Gibsons’ Return with New Intentions

For over five years I’ve been trying to work out how to live my life here in beautiful Gibsons BC without my soulmate Don.

Before I left home in January, I experienced an aha moment. In some ways I have been keeping myself small here at home…clinging to parts of the life I had before with Don. Perhaps to honour Don’s memory. Mostly not giving myself full permission to move on. But that does not serve either of us.

In Mexico I can be more myself in some ways, more outgoing. Both the climate and the people are warm and welcoming. Best of all, it’s not Gibsons with its 35 years of memories.

It was a hard landing coming back home. I was depleted on all levels on arrival, having had no chiropractic treatment for several months and experiencing the high stress of the cartel murder and subsequent violence throughout the state of Jalisco, too close to our beach community for comfort .

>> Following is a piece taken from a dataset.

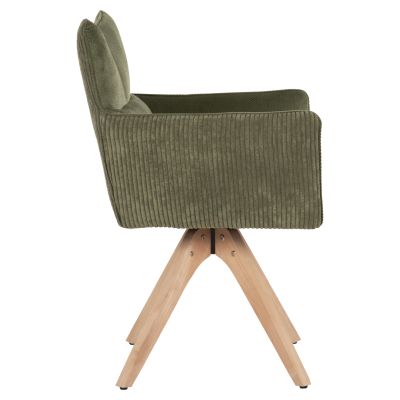 DINING ARMCHAIR QUILL HM9843.05 GREEN FABRIC-BEECH WOOD LEGS 61x57,5x91Hcm.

The trek home, beginning at 1 pm Thursday the 5th of March in Melaque and culminating at 1 am in Vancouver, (3 am in my body with the 2 hour time difference), was exhausting, and involved long walks in both the Calgary and Vancouver airports. The weather returning to the Coast the next day felt frigid and the damp seeped into my body. And I hate to say it but my age is finally beginning to impact me.

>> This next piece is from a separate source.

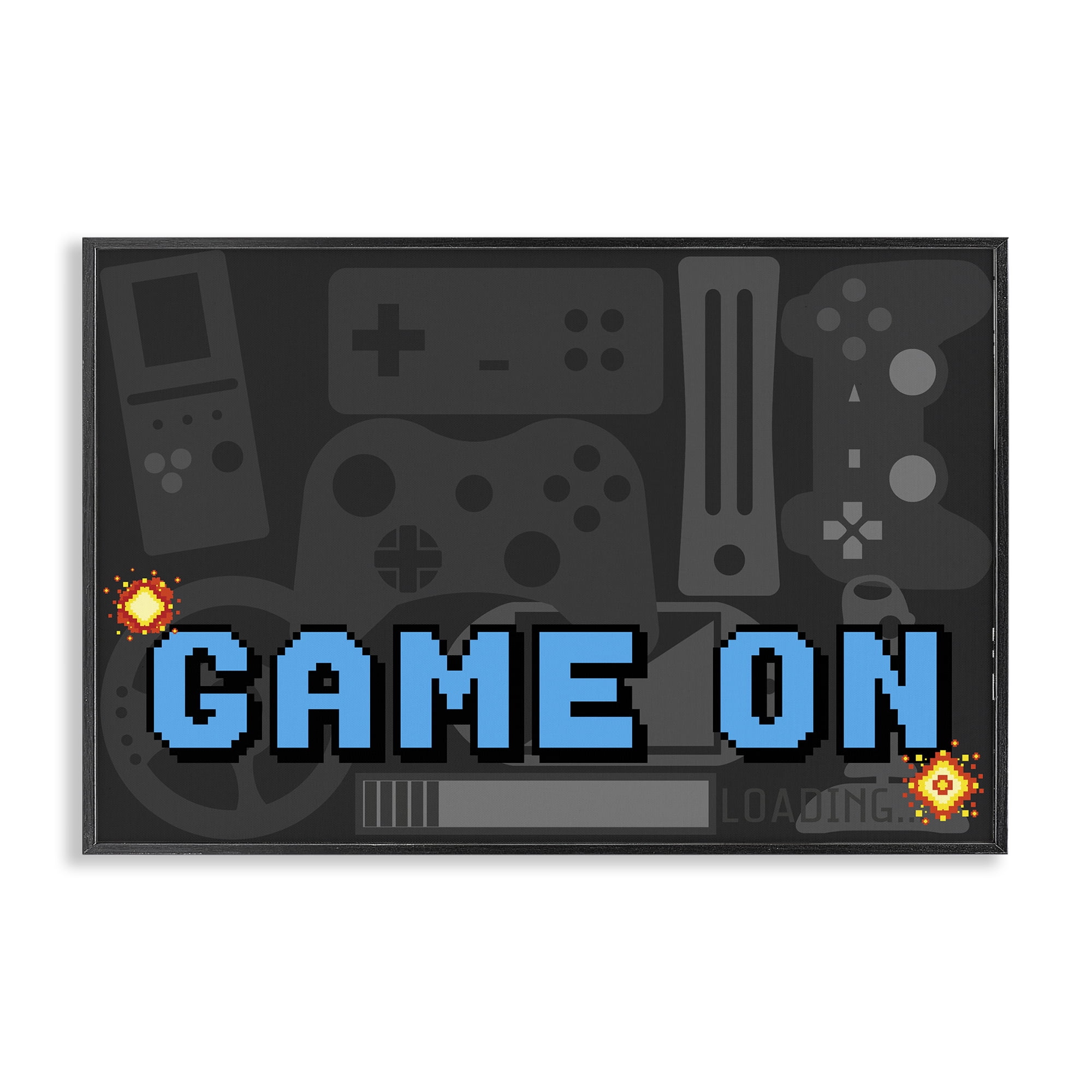 Stupell Industries Game On Arcade Black Framed Giclee Art, design by Kim Allen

I had visions of working up to six months in Mexico each year, to escape the weather and my life at home. But I realize now that wouldn’t suit me. Perhaps with a partner to hang out with and/or volunteer work like my music friends Jack & Sharon I would feel different about it.

I had to take longer trips to Mexico to realize that one month may be the optimum time for me. I will know more over time.

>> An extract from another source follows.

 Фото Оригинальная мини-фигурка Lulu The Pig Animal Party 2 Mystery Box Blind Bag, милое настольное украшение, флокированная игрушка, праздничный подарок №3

This is my home. My life is here farther north beside the same ocean. It is the best place for me with my history of 35 years of connections and my daughter across the water in Vancouver. Living for a few special weeks once a year in Mexico isn’t healthy. After all, I am basically a Taurean homebody.

My goal is not to backslide into keeping myself small…to forge ahead with all my interests, old and new, meeting new people, enjoying my singing performances and attending live music events.

In order to do this I am allowing Spirit to lead me more and more instead of pushing my agenda…asking Spirit to embrace and support my plans instead. This is working and I do feel more in the flow now.

I love Mexico. What happened there on February 22nd and the ensuing violence impacted me, but will not stop me returning there. I grieve for the lovely Mexican people who live their lives each day impacted by the ubiquitous and insidious cartel activity all over their country.

However my home and life is in Gibsons, I now realize, and I do not need to escape it. Although I will still enjoy Mexico for a month or so each winter, I plan to embrace my life here more fully, to really be here and not long for elsewhere.

My goal is to bring what I’ve learned about myself in my travels over the past years to my life here. Each time I return I have changed, in positive ways for the most part.

The Tree

Beside a quiet lane in the small town of Gibsons, a beautiful pine tree grows at the bottom of our former garden. The tree is 50-60 years old.

Over the years this special tree has been the focus of many events, both celebrations and grief. During the years I hosted our Net of Light/Grandmothers womens’ group we did empowerments and drummed around the tree.

Immediately upon hearing that my daughter’s dear friend had taken her life, I went outside and hugged that tree. I did not consciously do this, another part of me walked me out there. That’s where Don found me, and together we slowly walked around the neighbourhood, while we let this devastating news settle.

When our dear old dog passed away his funeral took place there in that tiny woods. We named Blackie’s shining qualities, tossing bits of paper with the words into the grave where he lay at rest, wrapped in my red terrycloth robe. Our wonderful next door neighbours attended, with Brian playing two songs for us on his small bagpipes, while Michele stood at the back with babe in arms, not wanting to intrude.

Yesterday evening during our Dark Woods of Grief Support Group, called “Grief and Praise”, we opened with a long somatic guided meditation, working with trees. Going into the group I felt very tired, most of us seemed to be. I sensed I was still processing the wonderful outdoor jazz music from the day before through my energy system. I continued with the next part of the group, the writing portion, but only part of me was present. I chose to exit the session before our breakout sharing groups, sending a chat note to let everyone know I was leaving.

Immediately after the meditation I became aware that this remarkable tree in our garden held unforgettable memories for myself and many friends. The session was complete for me at this point. This was the reason my soul had guided me to this particular group on this night.

I am very grateful for this opportunity to recognize and to process, then release the deep emotional significance of the tree.